● Problem requirements
Beneath this task are records; print exactly the stretch of them from the line with "Beyaz Boyalı Bahçe" through the line with "Bodycon Long sleeve Mock Neck Jumpsuit", both ends included.

● Data for this task
§
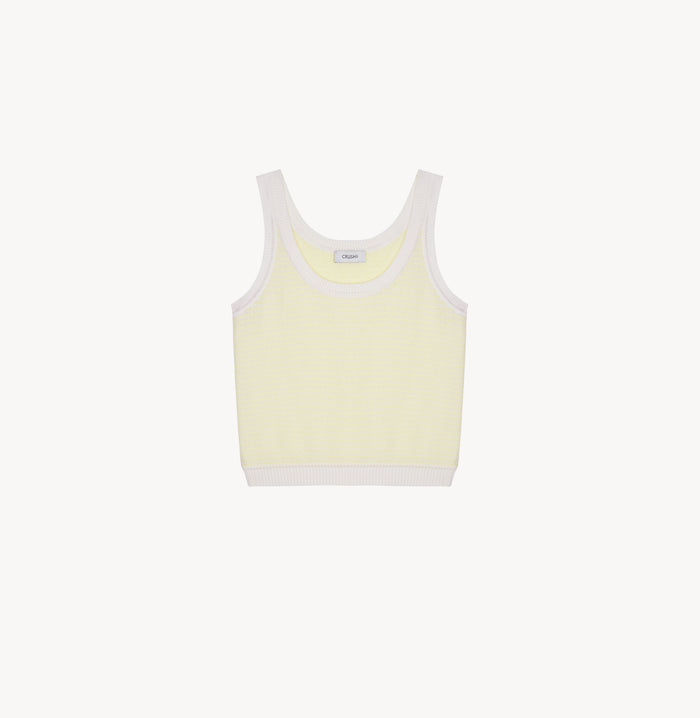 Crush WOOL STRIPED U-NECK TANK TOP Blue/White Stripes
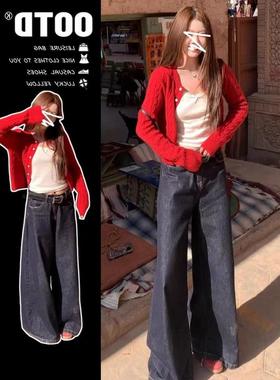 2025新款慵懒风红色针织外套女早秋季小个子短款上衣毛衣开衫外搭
§
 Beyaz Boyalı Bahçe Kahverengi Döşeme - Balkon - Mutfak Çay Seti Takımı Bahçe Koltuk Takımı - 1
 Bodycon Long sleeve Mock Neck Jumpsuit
§
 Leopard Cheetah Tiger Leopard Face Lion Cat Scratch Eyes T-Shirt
§
● Response for this exercise
 Beyaz Boyalı Bahçe Kahverengi Döşeme - Balkon - Mutfak Çay Seti Takımı Bahçe Koltuk Takımı - 1
 Bodycon Long sleeve Mock Neck Jumpsuit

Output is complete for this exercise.